The proposed budget of $525 billion is $6 billion less than the 2012 budget, the first decrease in actual Pentagon spending since 1998, The Washington Post said.

The plan includes annual increases the next four years, culminating in a $567 billion budget in fiscal 2017. That plan would save $487 billion from current five-year budget projections, the Post said.

The Pentagon still remains committed to all three versions of the F-35, Panetta said, according to the Armed Forces Press Service, but “we have slowed procurement to complete more testing and allow for developmental changes before buying in significant quantities.”

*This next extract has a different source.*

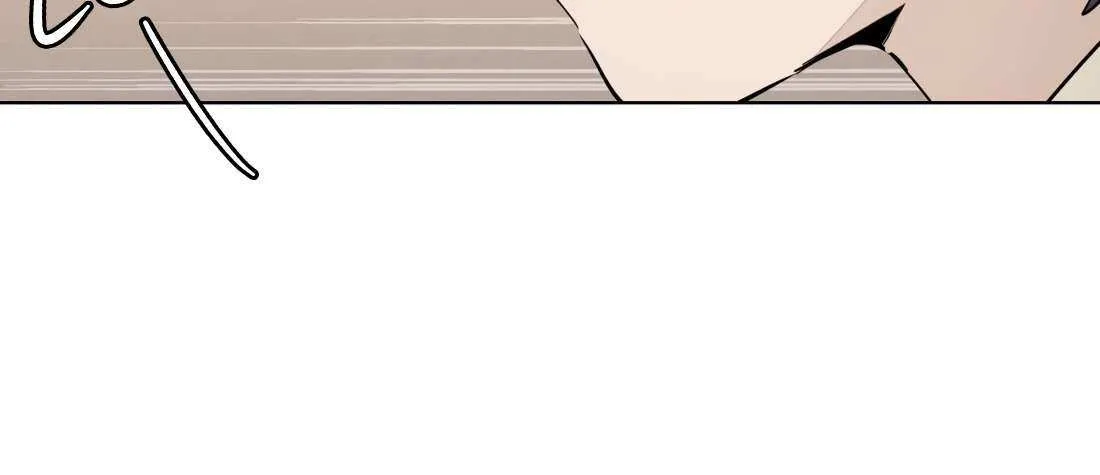 Read Fugue Across Worlds chapter 32 image 20 on Lezhin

Deputy Defense Secretary Ashton Carter said good engineering that resolved trouble with the F-35’s short-takeoff, vertical-landing version has allowed the plane to move forward, the Armed Forces Press Service said, but problems remain with cost and performance.

Full production will begin “when it’s economically and managerially prudent to do it,” Carter said.

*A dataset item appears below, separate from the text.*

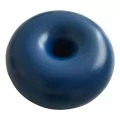 AstralPool Rome floaters for pool, Blue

Navy Adm. James A. Winnefeld Jr., the vice chairman of the Joint Chiefs of Staff, gave the Joint Strike Fighter a ringing endorsement Thursday: “It’s a terrific airplane.”

He added: “We’re very committed to it, and it does represent the future of tactical aviation for this country and a lot of our partners. We just need the manufacturability of this thing to catch up so we can start buying.”

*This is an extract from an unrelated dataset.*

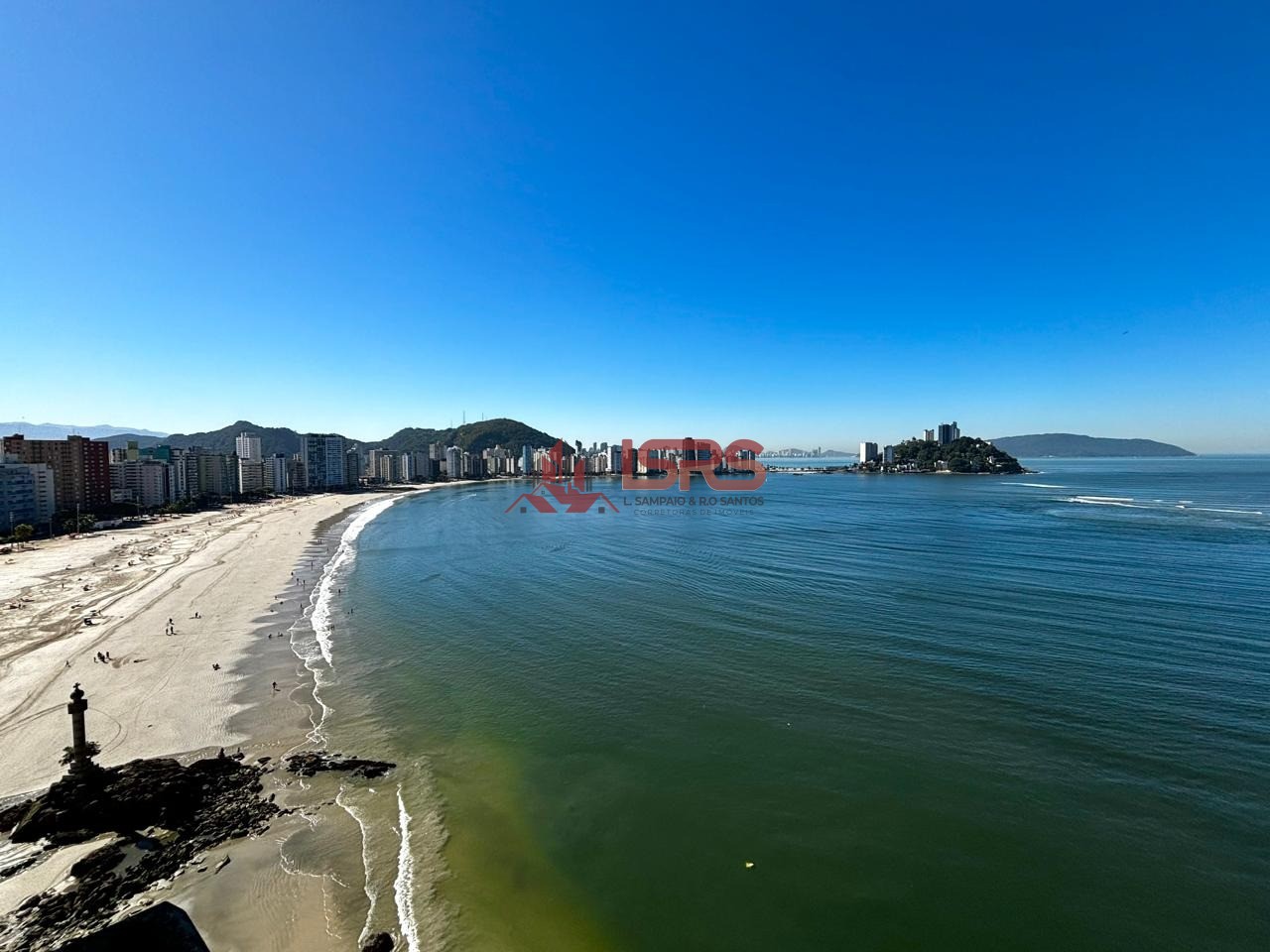Apartamento, 1 quarto, 38 m² - Foto 24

The Pentagon news came the same day Lockheed Martin announced a new leader for Lockheed Martin Aeronautics, the business unit that includes the Marietta plant.

Larry Lawson, now the head of the F-35 program, will succeed Ralph Heath when he retires April 1.

Lawson used to oversee the F-22 program, whose late last year, and has been with Lockheed or Martin Marietta since 1986.

His promotion will ripple through the company’s aircraft division:

  • Lawson’s deputy, Orlando Carvalho, will take over the F-35 program.
  • Lorraine Martin, who heads the program producing and modernizing C-130 transport planes in Marietta, will move into Carvalho’s current role in the F-35 program.
  • George Shultz, who now leads aeronautics modernization, will take over the C-130 program.

Lockheed Martin also announced Thursday that sales and profits declined in 2011. The Bethesda-based company said it had net sales of $12.2 billion for the year, down from $12.8 billion in 2010, and earned $698 million from continuing operations, compared with $821 million in 2010.

Lockheed’s stock ended the day almost 1 percent higher at $82.47 a share, up 74 cents, Daily Finance said.